Приближалась Купальная ночь, и работы стало совсем уж неизмеримо много: девицы ходили ко мне с просьбами о гаданиях и предсказаниях, особенно наглые пытались подговорить на приворот, но получали отказ и уходили в обиде, а те, кому мои нехитрые способы подглядеть в будущее обещали не лучший исход, заливались слезами прямо на моей скамейке и долго не уходили, хотя и видели, что под порогом топчется толпа страждущих. Каждая из них уверяла, что если в Купальную ночь ее венок на реке не всплывет, то она в эту же реку с горя и бросится, и не могу же я такое допустить, должна же я как-то помочь; а я уверяла в ответ, что в пятнадцать, семнадцать, даже двадцать лет еще рано убиваться по женихам и замужеству, но мои уверения и речи стекали по их русалочьим волосам, не достигая ушей. Ни одну мне не удалось переубедить, и хотя большинство из них никогда не отважилось бы причинить себе боль, что если найдется хоть одна достаточно безрассудная?
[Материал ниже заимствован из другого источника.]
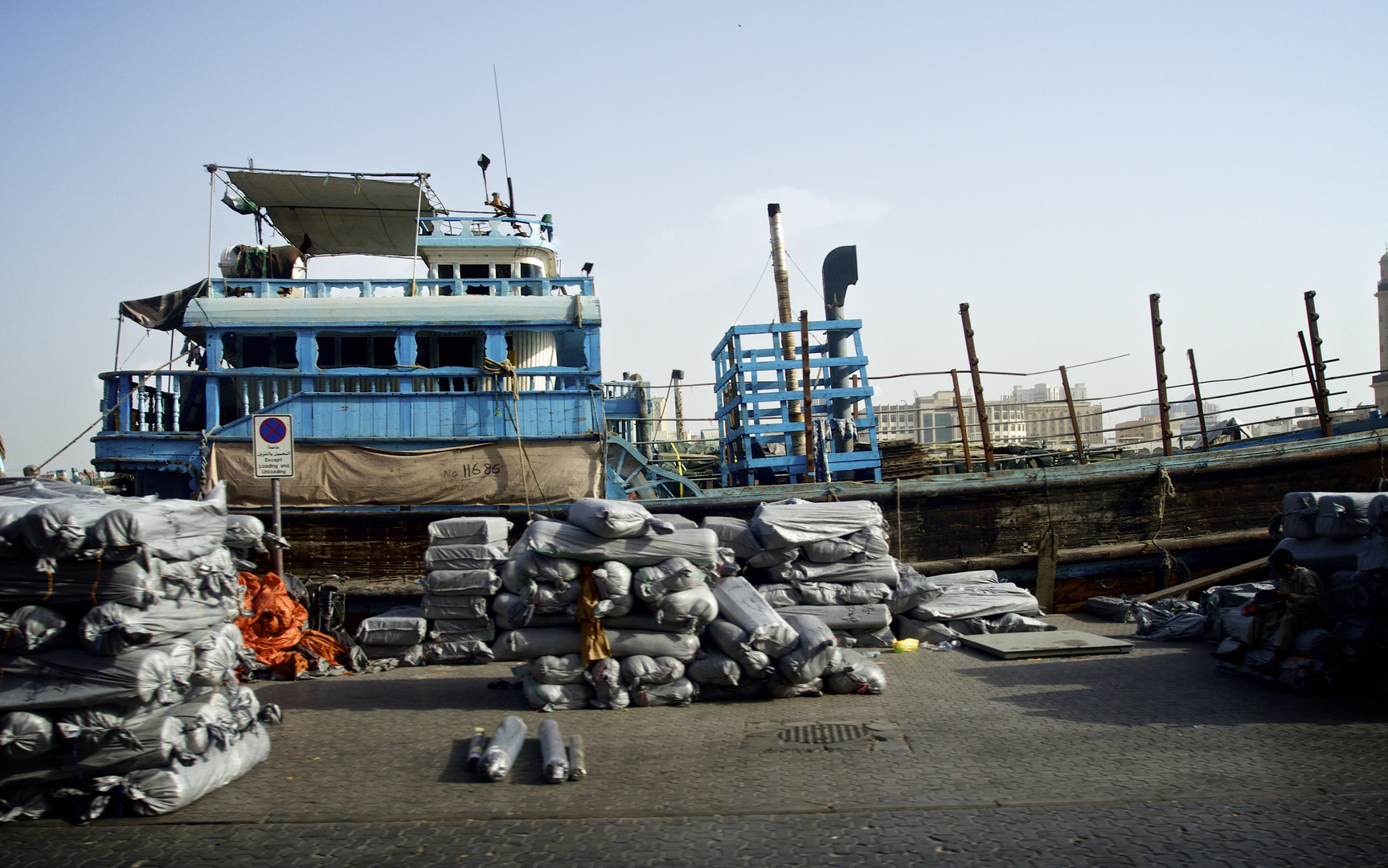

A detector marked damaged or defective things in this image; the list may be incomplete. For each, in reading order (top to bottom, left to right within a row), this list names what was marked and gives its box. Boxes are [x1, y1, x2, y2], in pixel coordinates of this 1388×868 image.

rusty metal pipe mast [772, 205, 805, 458]
rusty metal pipe mast [960, 302, 993, 469]
rusty metal pipe mast [1060, 363, 1083, 464]
rusty metal pipe mast [1148, 293, 1171, 458]
rusty metal pipe mast [1188, 347, 1210, 449]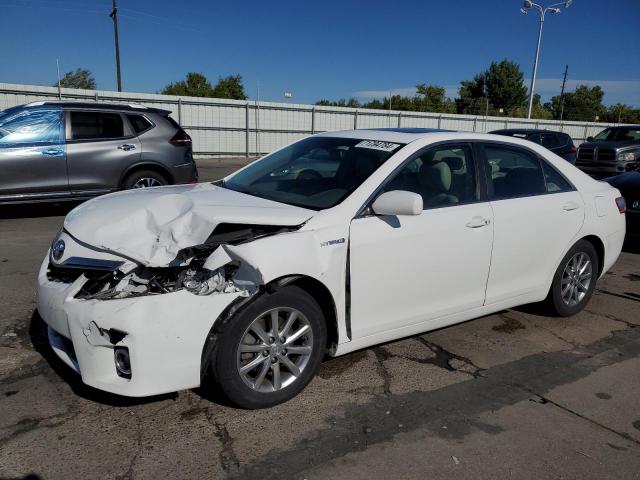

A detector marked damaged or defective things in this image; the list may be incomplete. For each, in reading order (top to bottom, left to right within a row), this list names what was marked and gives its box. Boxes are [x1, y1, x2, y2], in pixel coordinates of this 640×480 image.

crushed front bumper [38, 258, 242, 398]
damaged front end [62, 222, 300, 300]
crumpled hood [65, 184, 316, 266]
cracked pavement [1, 159, 640, 478]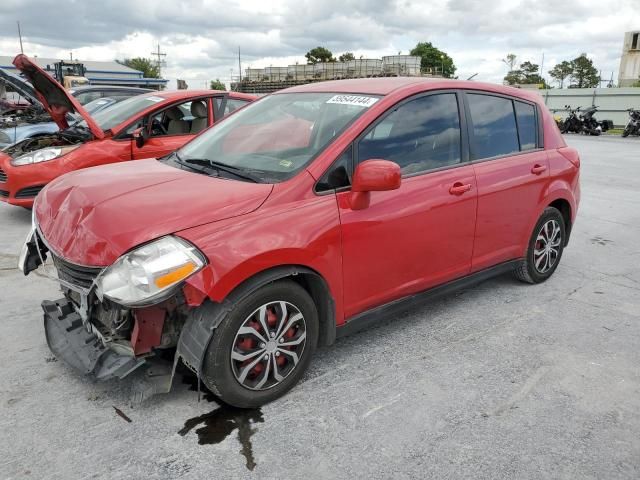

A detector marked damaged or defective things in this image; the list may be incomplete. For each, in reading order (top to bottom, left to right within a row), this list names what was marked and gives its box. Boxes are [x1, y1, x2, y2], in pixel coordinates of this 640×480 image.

cracked headlight [10, 144, 80, 167]
cracked headlight [95, 237, 206, 308]
detached bumper [43, 298, 146, 380]
damaged front wheel [201, 280, 318, 406]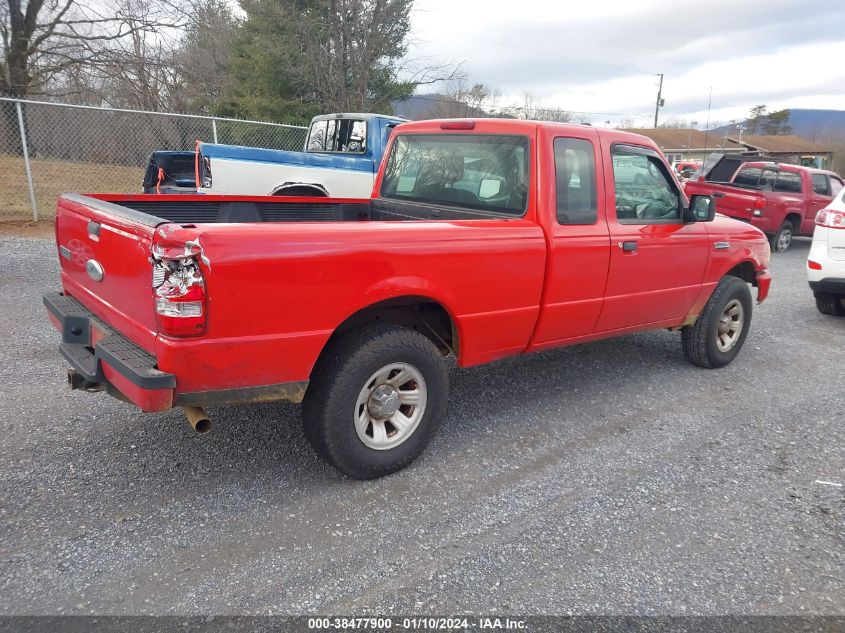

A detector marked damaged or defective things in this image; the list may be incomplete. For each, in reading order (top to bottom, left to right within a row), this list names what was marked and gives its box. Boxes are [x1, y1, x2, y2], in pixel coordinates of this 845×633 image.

damaged rear taillight [152, 239, 206, 336]
broken taillight lens [152, 254, 206, 338]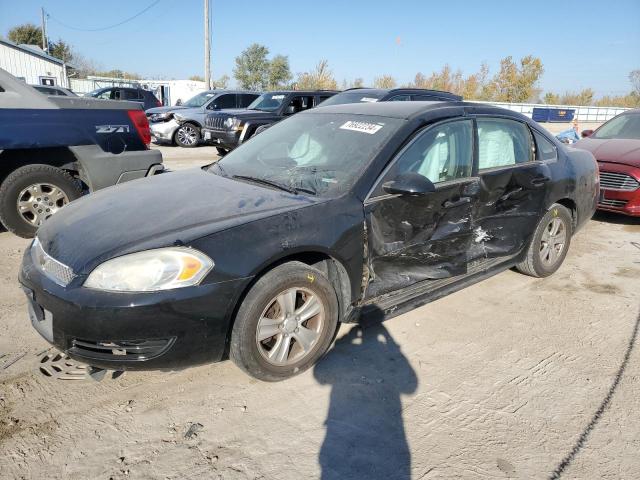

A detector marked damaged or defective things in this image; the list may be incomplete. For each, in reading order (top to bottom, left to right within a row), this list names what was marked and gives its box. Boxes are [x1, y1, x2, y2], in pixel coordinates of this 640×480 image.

dented door panel [364, 180, 476, 300]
Изгнать утопленницу из моей реки — да это недели две бесконечной работы!

И кто, черт возьми, придумал Купальную ночь?

Мой гость, названный мной, во избежание приступов неудержимого хохота, Виром, по большей части спал, набирался сил, и лишь изредка я замечала внимательный его взгляд на себе, но мне было не до того, поверьте на слово, совсем не до того!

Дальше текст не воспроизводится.